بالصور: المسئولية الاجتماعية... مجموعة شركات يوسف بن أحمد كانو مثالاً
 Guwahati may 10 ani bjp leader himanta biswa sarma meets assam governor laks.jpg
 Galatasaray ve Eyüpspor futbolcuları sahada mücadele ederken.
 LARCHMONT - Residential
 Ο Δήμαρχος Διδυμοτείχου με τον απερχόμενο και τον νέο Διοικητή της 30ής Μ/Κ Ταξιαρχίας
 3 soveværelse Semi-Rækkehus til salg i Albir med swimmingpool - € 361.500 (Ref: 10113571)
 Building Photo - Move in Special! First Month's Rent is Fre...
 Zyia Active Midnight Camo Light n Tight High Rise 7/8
= = = = =
● WORK TO BE COMPLETED:
Go through the data above and repeat all of it exactly.

● ANSWER BELOW:
بالصور: المسئولية الاجتماعية... مجموعة شركات يوسف بن أحمد كانو مثالاً
 Guwahati may 10 ani bjp leader himanta biswa sarma meets assam governor laks.jpg
 Galatasaray ve Eyüpspor futbolcuları sahada mücadele ederken.
 LARCHMONT - Residential
 Ο Δήμαρχος Διδυμοτείχου με τον απερχόμενο και τον νέο Διοικητή της 30ής Μ/Κ Ταξιαρχίας
 3 soveværelse Semi-Rækkehus til salg i Albir med swimmingpool - € 361.500 (Ref: 10113571)
 Building Photo - Move in Special! First Month's Rent is Fre...
 Zyia Active Midnight Camo Light n Tight High Rise 7/8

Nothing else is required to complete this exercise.